▶ _PROBLEM TO SOLVE_: Repeat precisely the span of lines below that opens with the line containing "Image 2 : 10K" and closes with the line containing "INVENHO Dog Bed", both included.

▶ _EXTRACTED RECORDS_:

--

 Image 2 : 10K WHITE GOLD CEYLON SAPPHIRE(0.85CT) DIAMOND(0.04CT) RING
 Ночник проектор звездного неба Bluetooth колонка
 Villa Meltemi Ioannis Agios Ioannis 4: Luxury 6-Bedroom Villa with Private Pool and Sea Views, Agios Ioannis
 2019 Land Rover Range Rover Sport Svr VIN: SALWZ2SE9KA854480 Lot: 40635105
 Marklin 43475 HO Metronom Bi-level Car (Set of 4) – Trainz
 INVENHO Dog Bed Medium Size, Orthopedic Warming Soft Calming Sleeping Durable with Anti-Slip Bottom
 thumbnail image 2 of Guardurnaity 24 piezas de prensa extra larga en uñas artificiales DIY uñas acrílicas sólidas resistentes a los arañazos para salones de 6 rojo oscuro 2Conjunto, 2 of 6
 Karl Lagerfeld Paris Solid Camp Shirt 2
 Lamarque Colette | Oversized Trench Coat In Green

--

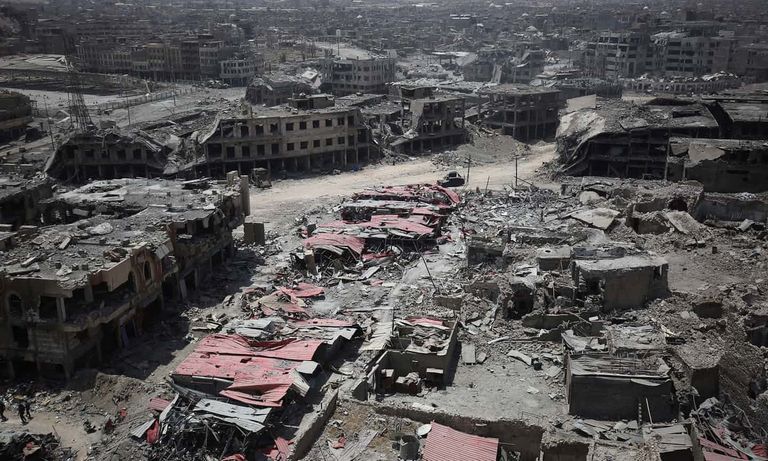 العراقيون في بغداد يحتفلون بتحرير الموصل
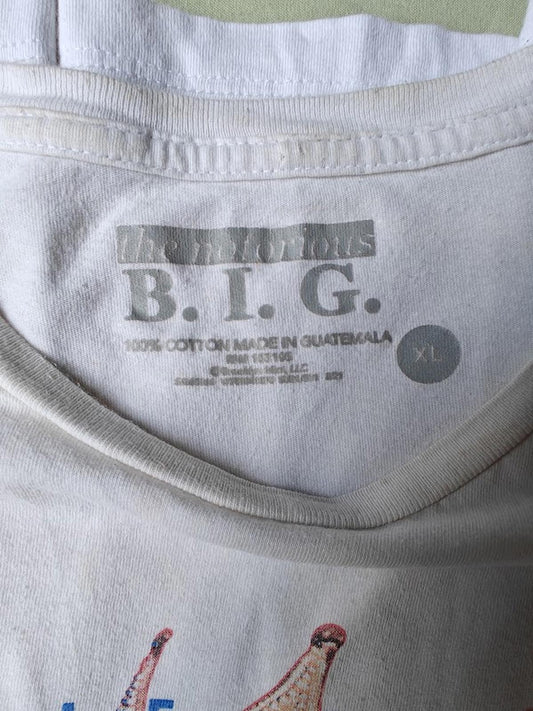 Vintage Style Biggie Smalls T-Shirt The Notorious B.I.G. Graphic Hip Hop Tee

--

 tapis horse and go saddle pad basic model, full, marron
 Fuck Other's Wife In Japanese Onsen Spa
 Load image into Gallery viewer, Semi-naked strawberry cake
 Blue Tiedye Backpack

--

▶ _ANSWER TO THIS TASK_:
 Image 2 : 10K WHITE GOLD CEYLON SAPPHIRE(0.85CT) DIAMOND(0.04CT) RING
 Ночник проектор звездного неба Bluetooth колонка
 Villa Meltemi Ioannis Agios Ioannis 4: Luxury 6-Bedroom Villa with Private Pool and Sea Views, Agios Ioannis
 2019 Land Rover Range Rover Sport Svr VIN: SALWZ2SE9KA854480 Lot: 40635105
 Marklin 43475 HO Metronom Bi-level Car (Set of 4) – Trainz
 INVENHO Dog Bed Medium Size, Orthopedic Warming Soft Calming Sleeping Durable with Anti-Slip Bottom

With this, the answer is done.